Tom Morris

unread,

Nov 15, 2020, 9:47:14 PM11/15/20

to openref...@googlegroups.com

I've been thinking about how we authenticate HTTP requests, including how we handle both password-based basic auth and token based authentication and am interested in feedback on the design sketch below.

Currently we have two mechanisms:

- HTTP headers that have to be set up by hand and are sent with all Fetch URL calls

- https://username:pass...@example.com/ URL syntax which is intended to create the appropriate HTTP Basic Auth headers for the target site (HTTPS only) https://github.com/OpenRefine/OpenRefine/issues/217

Both have significant security issues and both are awkward to use. What we really want is a database of credentials which are stored per target host/URL. For basic auth, we should only send a specific set of credentials when we receive a 401 challenge for the correct realm. For token based auth, we want to be able to have different tokens (and token names) for different endpoints.

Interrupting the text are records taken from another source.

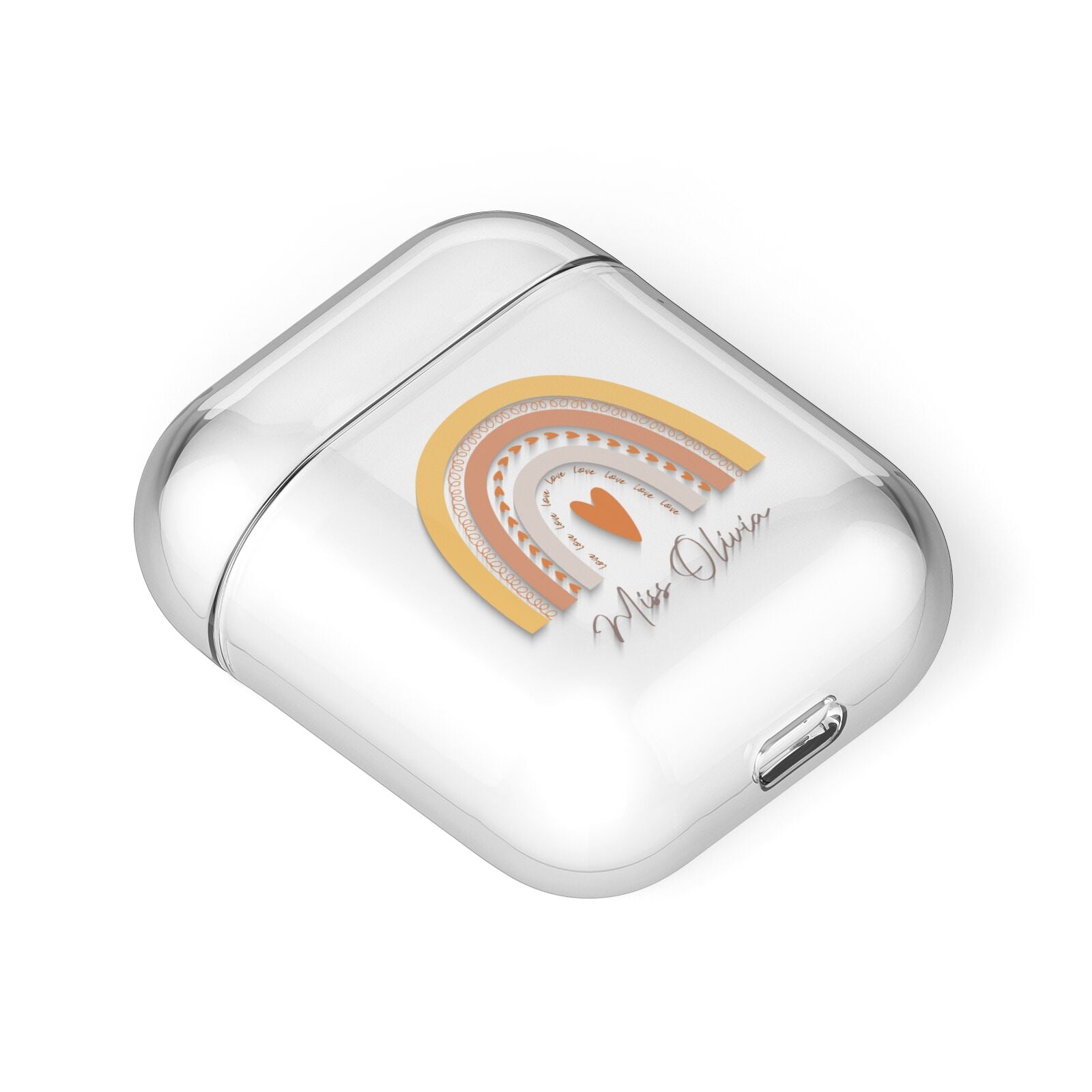 Personalised Teacher Neutral Rainbow AirPods Case Laid Flat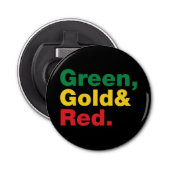 Groen, goud en rood. button flesopener (Voorkant)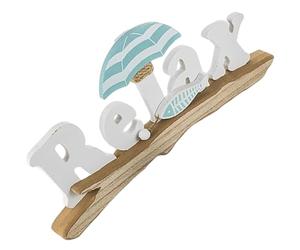 BESTOYARD Decoración Playera para Habitación con Estilo Náutico Letrero de Madera Retro de Alta Densidad Adorno de Silla de Playa Verde para Hogar y Fiesta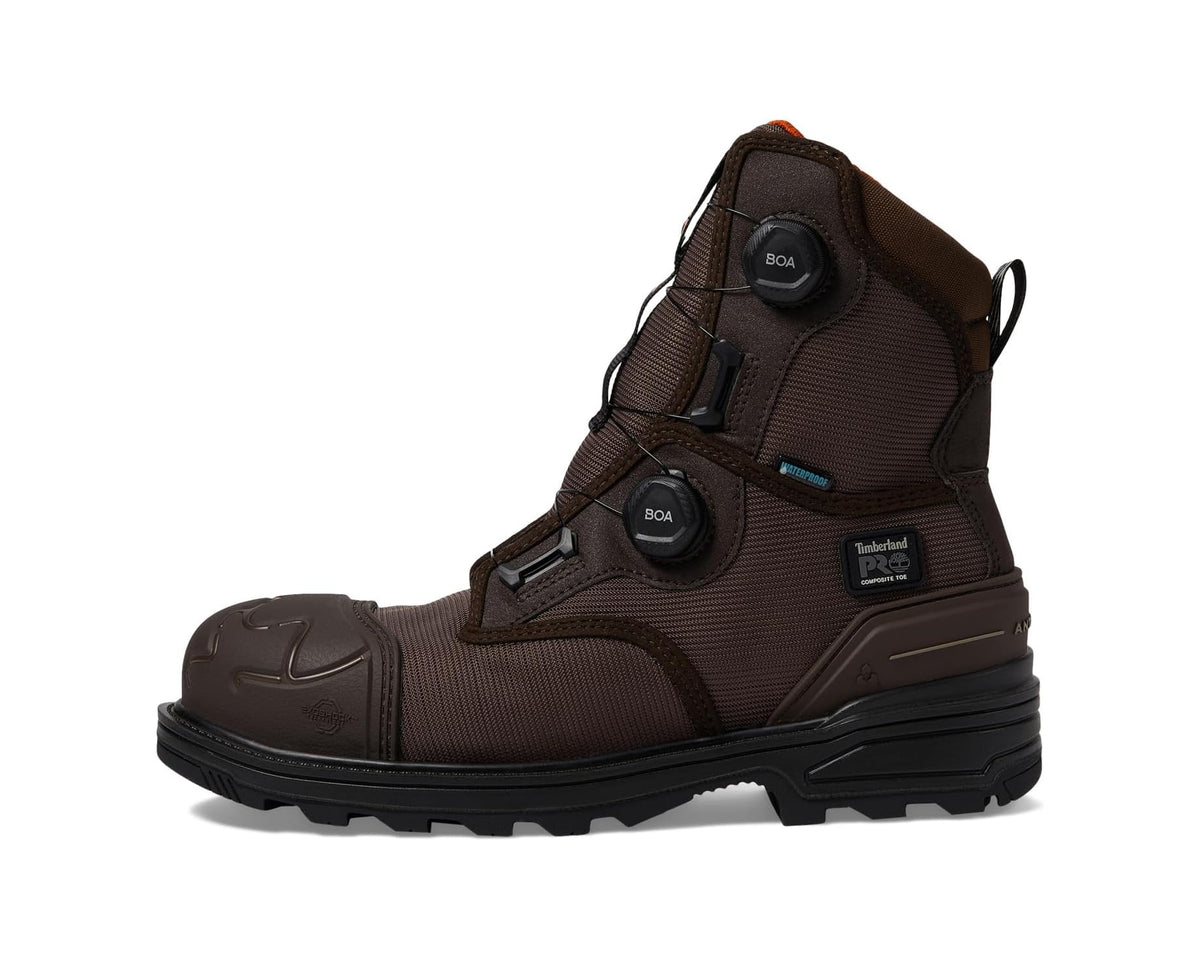 Brown 8-inch safety boot with side BOA dial, lace straps, and thick rubber sole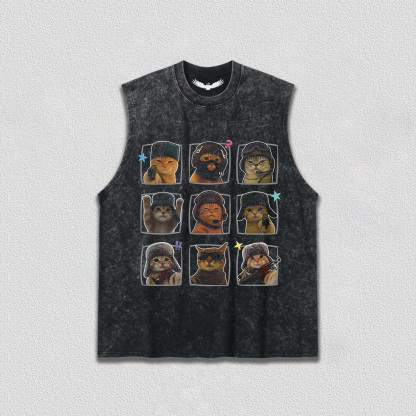 "Tactical Cat" Nine - Grid T-Shirt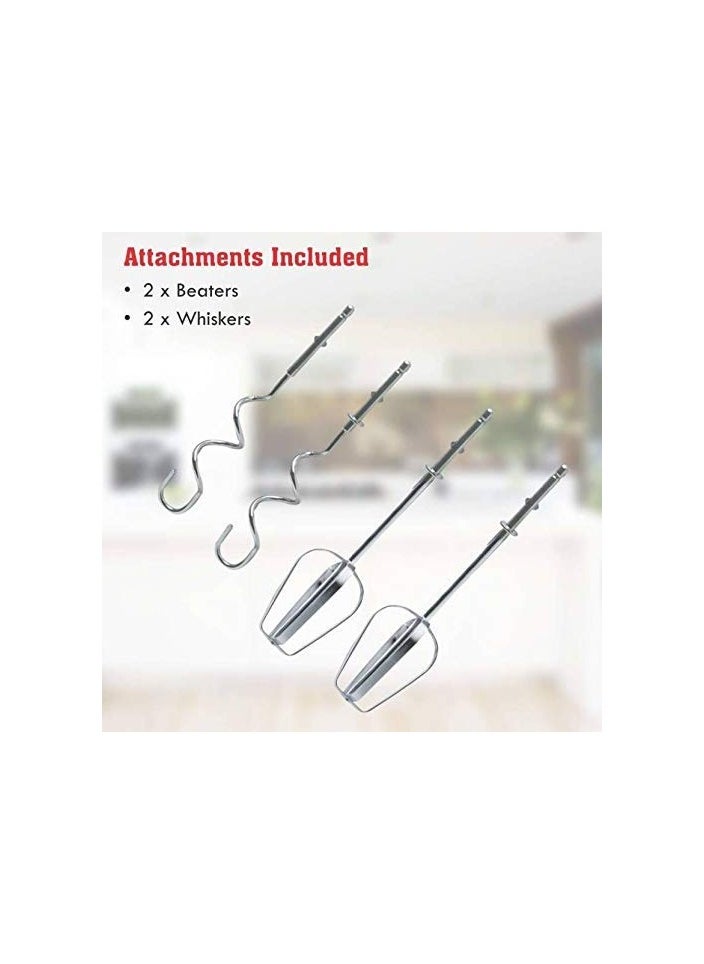 7-Speed Compact Hand Mixer - Electric Whisk with Stainless Steel Beaters & Dough Hooks for Baking, Whipping & Kneading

The authentication database could be separate, but to play with the concept, I've leveraged our existing preferences database, carving out a prefixed section of the namespace (all set up by hand). Matching is done based on longest prefix match to the target URL with reversed domain names. So, http:/example.com.www/reconcile becomes http://com.example.www/reconcile and matches in increasingly specific order are:

http://com.example

http://com.example.www

http://com.example.www/reconcile

I'm not sure we need this level of flexibility, but it doesn't really add much complexity. One thing I'm unsure about is whether we should consider protocol (http vs https) in the matching. Opinions? Currently protocol is included.

Each entry has a type ("basic" or "token"), followed by the token name or username, then the token value or password.

Lookup is done at runtime and the credentials are not included in the operation history or any logging. Credentials are not currently encrypted. We could do some simple encryption, but I'm not sure how much value it adds. Another possibility for passwords would be to prompt for the user for them when first needed and only store them for the duration of the session.

Below are concrete examples of what the two types of entries look like:

Preferences

Key	Value
scripting.expressions

http-auth-https://com.xyzzy.reconciliation	token api_key mysecrettoken42
http-auth-https://org.httpbin	basic testuser testpw

Thad Guidry

unread,

Nov 15, 2020, 10:43:42 PM11/15/20

to openref...@googlegroups.com

Another possibility for passwords would be to prompt for the user for them when first needed and only store them for the duration of the session.

From a user perspective, I like this the best personally.

Are you considering pac4j implementations? https://github.com/pac4j/pac4j

Thad

https://www.linkedin.com/in/thadguidry/

--
You received this message because you are subscribed to the Google Groups "OpenRefine Development" group.
To unsubscribe from this group and stop receiving emails from it, send an email to openrefine-de...@googlegroups.com.
To view this discussion on the web visit https://groups.google.com/d/msgid/openrefine-dev/CAE9vqEFOci5ACk5XR0XOZnYBU63-rbjjk_YqaJcAad7TAbi2SQ%40mail.gmail.com.

Antonin Delpeuch (lists)

unread,

Nov 20, 2020, 10:39:52 AM11/20/20

to openref...@googlegroups.com

Hi Tom,

I agree with the idea that we ultimately need a new place to store these
credentials: not in the workflow JSON, nor in the preferences, but
somewhere more hidden (with some basic encryption, just for the sake of
not having them in plain text).

I like the idea of storing these centrally, such that a single
credential entry could be used in multiple contexts (fetching URLs,
reconciliation, …) but I am concerned about the added complexity.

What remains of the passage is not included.